Direktur Jenderal Pengelolaan Sampah, Limbah dan Bahan Beracun (B3), Rosa Vivien Ratnawati, mengatakan proyeksi volume sampah rumah tangga dan sejenis sampah rumah tangga pada 2018 mencapai 66, 5 juta ton. Artinya, menurut Vivien, setiap orang menghasilkan 0,7 kg sampah per hari.
Bayangkan, betapa besar beban persampahan nasional.
Pada saat yang sama, kita masih mengalami masalah besar yakni infrastruktur pengolahan sampah belumlah memadai.
Masih menurut Vivien, untuk membangun Tempat Pembuangan Akhir (TPA) sampah yang bagus membutuhkan biaya sekitar 125 ribu per ton sampah.
Faktanya, pemerintah daerah umumnya hanya menyiapkan anggaran sebesar 30 juta. Tidak heran bila tidak semua daerah di Indonesia memiliki TPA dengan standar pemilahan dan pengolahan sampah yang representatif.
Perubahan Paradigma
Padahal permasalahan sampah tidak saja pada perihal produksi dan keterangkutannya, tetapi juga pada masalah pemilahannya.

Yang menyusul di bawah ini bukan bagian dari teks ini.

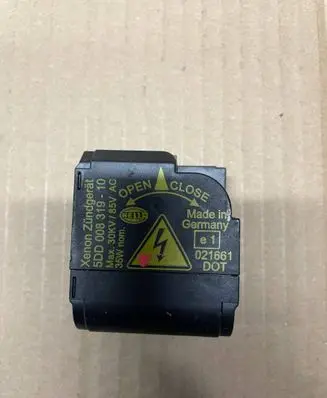 Mercedes-Benz E W211 Headlight ballast module Xenon 5DD00831910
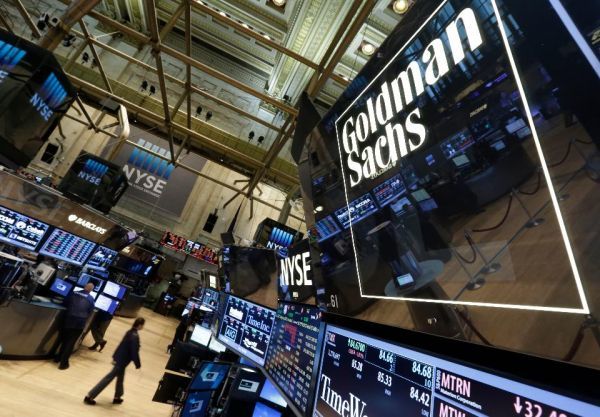 H Goldman Sachs «ποντάρει» στις κινεζικές μετοχές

Data BPS 2014 menunjukkan kesadaran masyarakat Indonesia dalam pemilahan sampah masih tergolong rendah. Perilaku tidak memilah sampah sebelum dibuang naik dari 76,31 persen pada 2013 menjadi 81,16 persen di 2014.

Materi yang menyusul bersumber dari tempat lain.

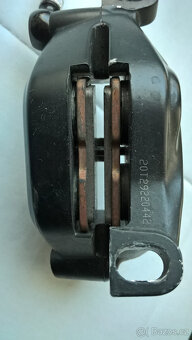 Zadní brzda SRAM CODE R 4-pístek - 3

Maluku Utara adalah daerah dengan kesadaran memilah sampah terendah di Indonesia. Pada 2014, 91,82 persen rumah tangga menyatakan tidak memilah sampahnya sebelum dibuang.
Secara statistik, baru Provinsi Sulawesi Selatan yang masyarakatnya cukup tinggi dalam kesadaran memilah sampah. Sebanyak 31,88 persen rumah tangga yang sudah melakukan pemilahan sampah dan 68,11 persen belum memilah sampah.